▶ Working data:
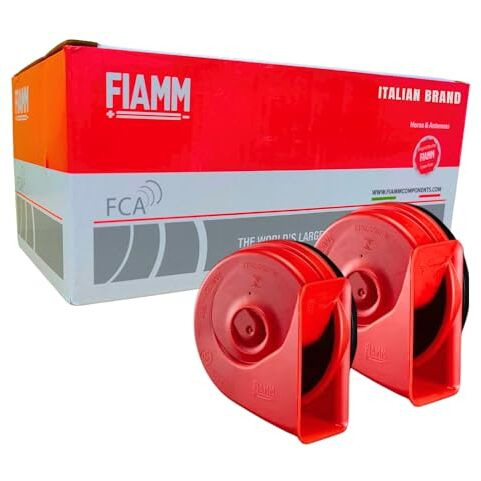 Fiamm Car Horn 12V 135 Db 405-500 Hz Am80Sx Red High Sound Waterproof Set Of 2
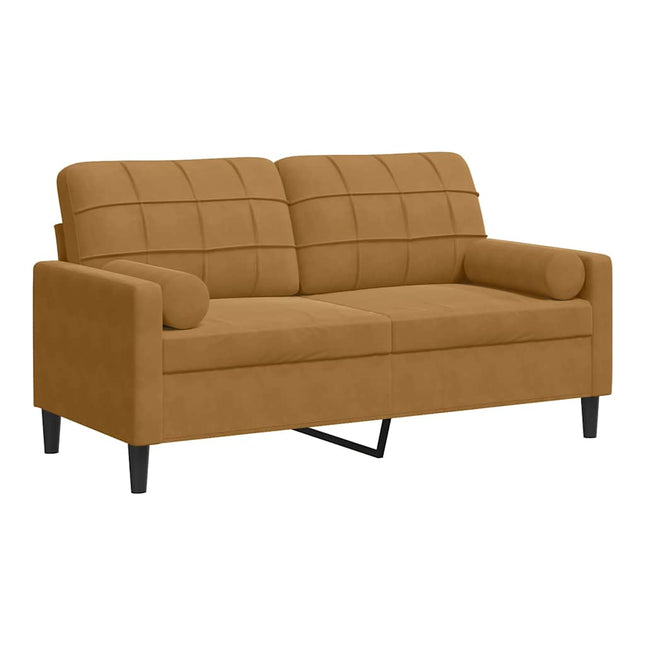 2-sitssoffa med prydnadskuddar brun 140 cm sammet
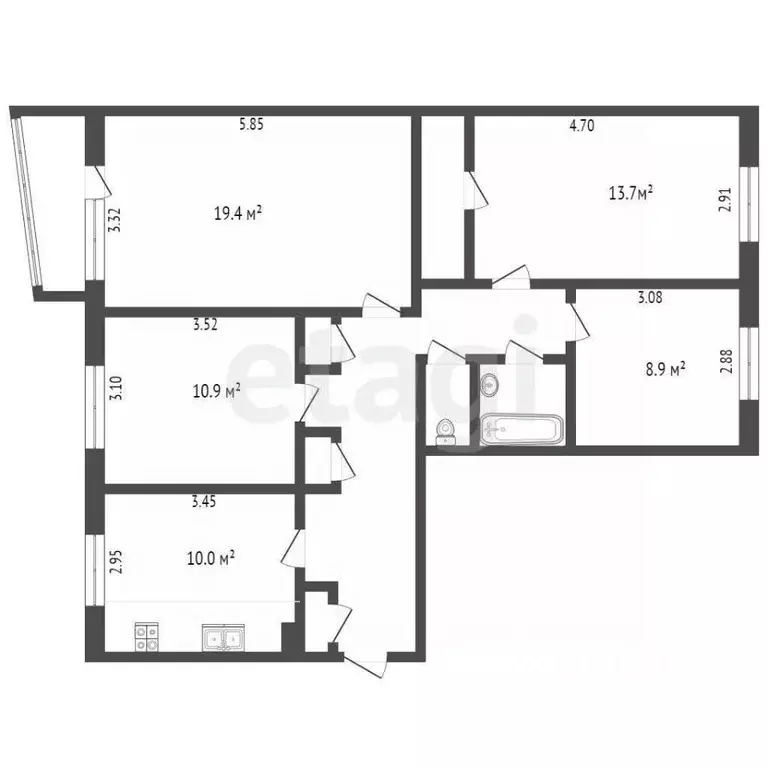 4-к кв. Ханты-Мансийский АО, Сургут ул. Толстого, 28 (87.9 м) - Фото 1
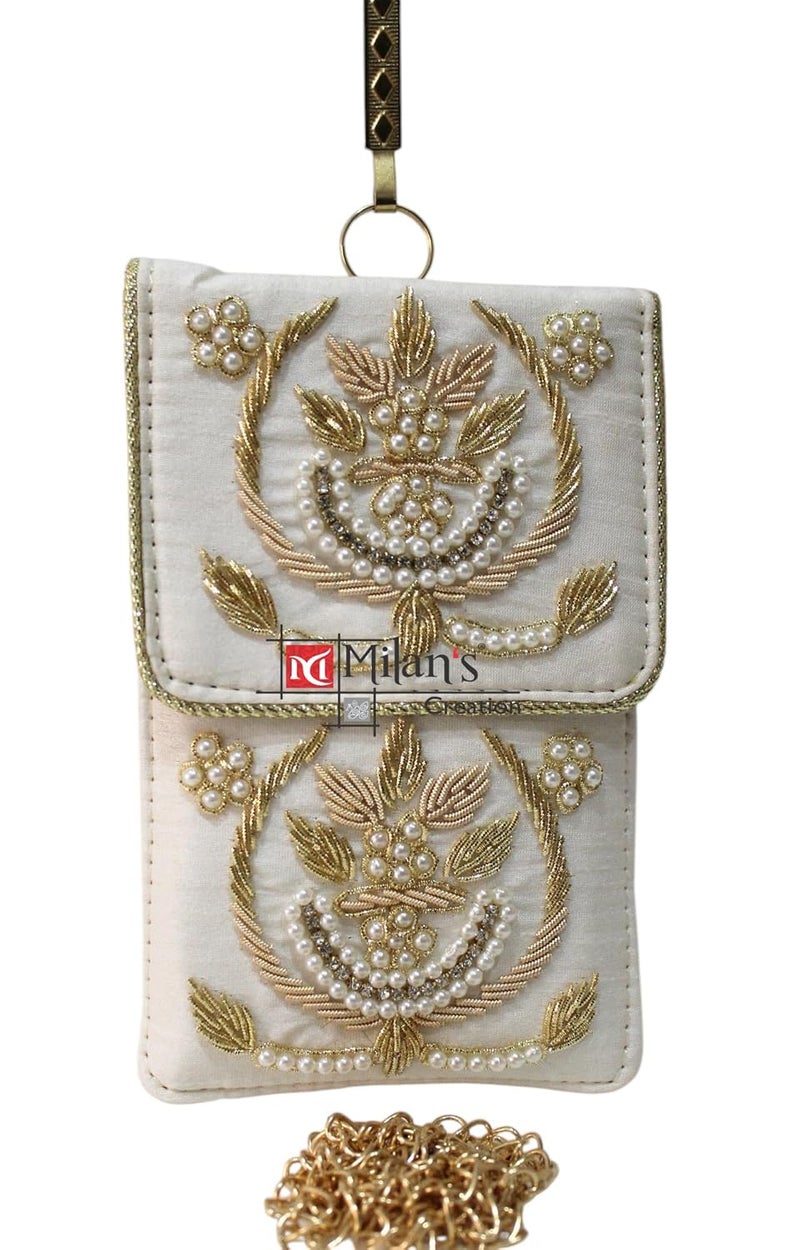 MILAN'S CREATION Exclusive Mobile Pouch Zardozi Hand Embroidery With Waist Clip Hook & Sling Chain (removable) | Ladies Women’s Handbag Wallet Sling Purse | Party Wedding Festival Giveaways Gift | - Image 1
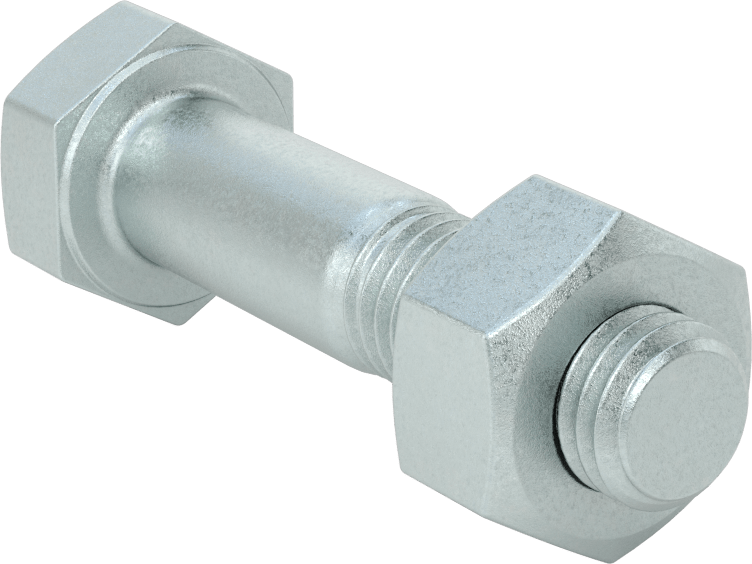Çelik Ağır Altıgen Vida ve Somun Kiti, Kaplamalı, 5/8"-11 Diş, 125/150 Sınıfı, 2-1/2 ve 3 Boru Boyutu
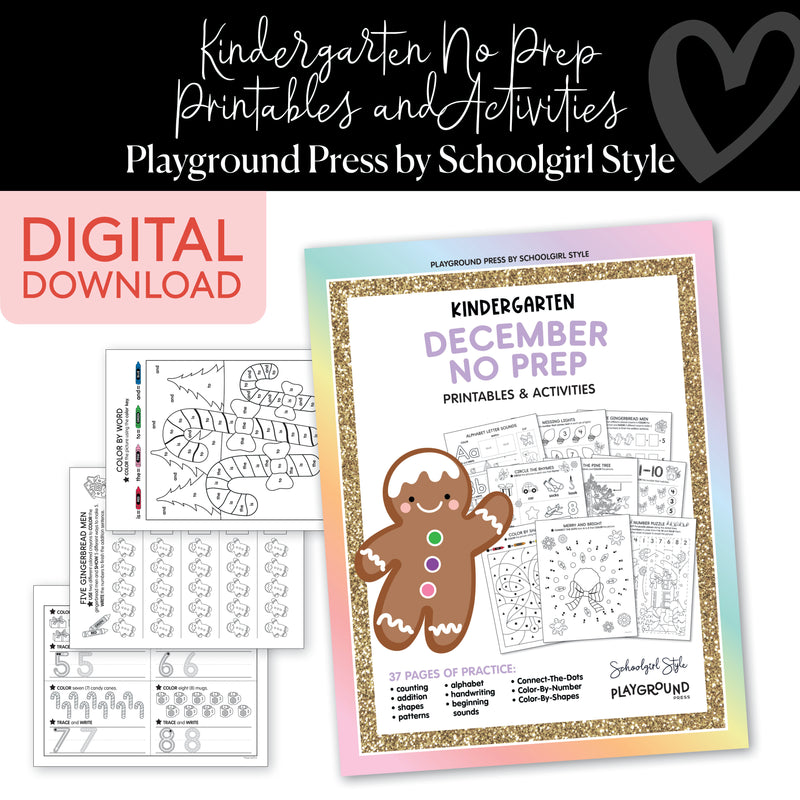 December Kindergarten Packet | Playground Press by Schoolgirl Style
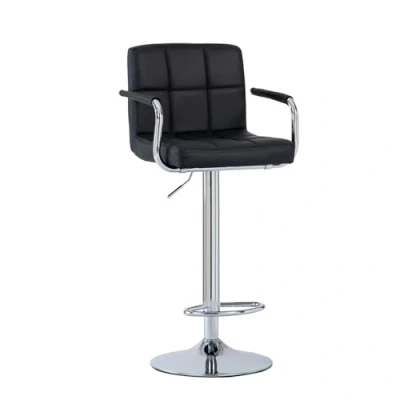 Afbeelding van FOXSPORT Barkruk barstoel 20cm in hoogte verstelbaar met rugleuning, voetensteun en armleuning Draaibare barstoelen 360Draaibaar bistro kruk Zwart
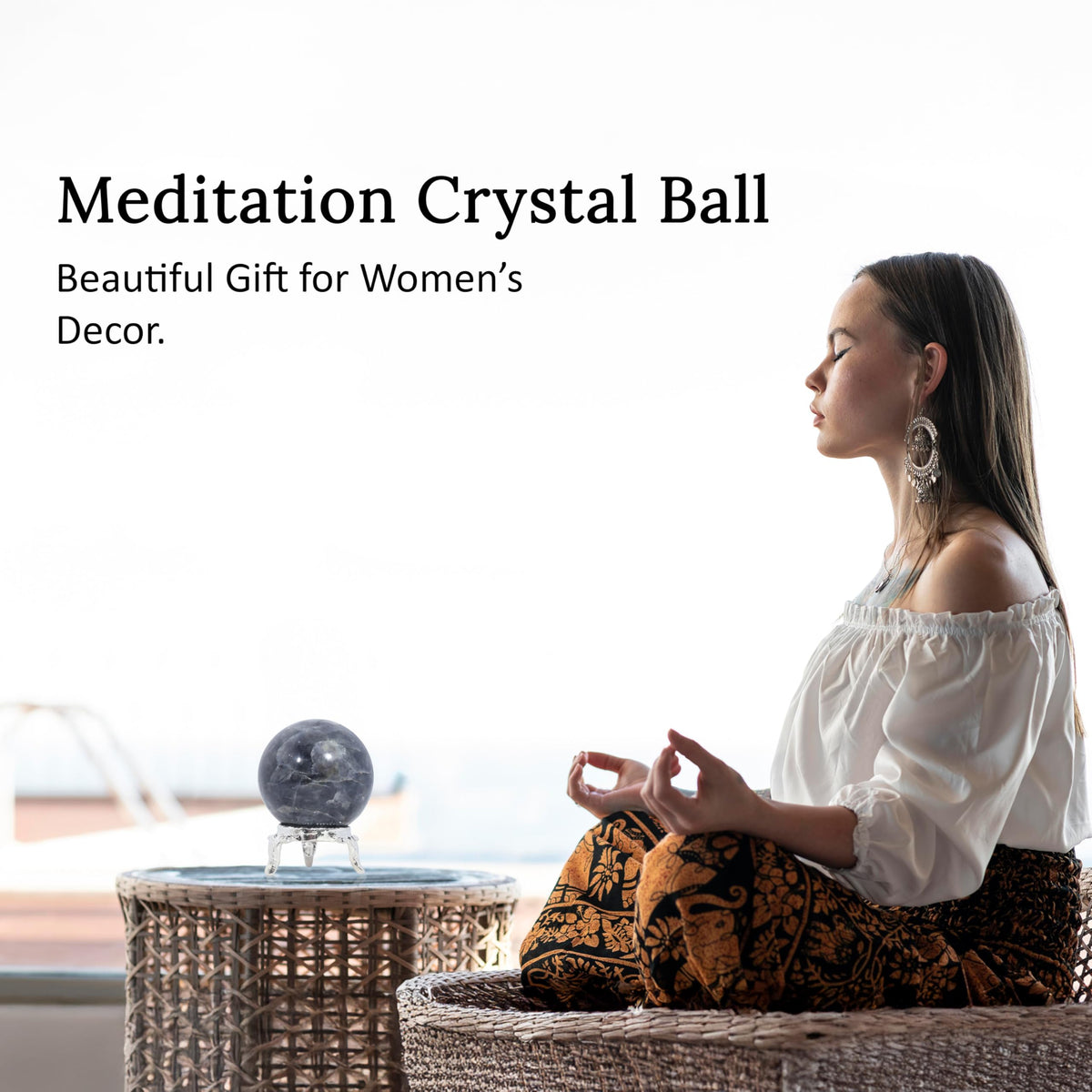 Crocon 45mm Iolite Stone Sphere Ball with Metal Stand 1400+ Carats Gemstone Ball Healing Sphere Sculpture Figurine for Fengshui Divination Home Decoration Photography Crystal Sphere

▶ Problem statement: Could you set down the material above word for word while dropping its pictures?

▶ Result for this exercise:
 Fiamm Car Horn 12V 135 Db 405-500 Hz Am80Sx Red High Sound Waterproof Set Of 2
 2-sitssoffa med prydnadskuddar brun 140 cm sammet
 4-к кв. Ханты-Мансийский АО, Сургут ул. Толстого, 28 (87.9 м) - Фото 1
 MILAN'S CREATION Exclusive Mobile Pouch Zardozi Hand Embroidery With Waist Clip Hook & Sling Chain (removable) | Ladies Women’s Handbag Wallet Sling Purse | Party Wedding Festival Giveaways Gift | - Image 1
Çelik Ağır Altıgen Vida ve Somun Kiti, Kaplamalı, 5/8"-11 Diş, 125/150 Sınıfı, 2-1/2 ve 3 Boru Boyutu
 December Kindergarten Packet | Playground Press by Schoolgirl Style
 Afbeelding van FOXSPORT Barkruk barstoel 20cm in hoogte verstelbaar met rugleuning, voetensteun en armleuning Draaibare barstoelen 360Draaibaar bistro kruk Zwart
 Crocon 45mm Iolite Stone Sphere Ball with Metal Stand 1400+ Carats Gemstone Ball Healing Sphere Sculpture Figurine for Fengshui Divination Home Decoration Photography Crystal Sphere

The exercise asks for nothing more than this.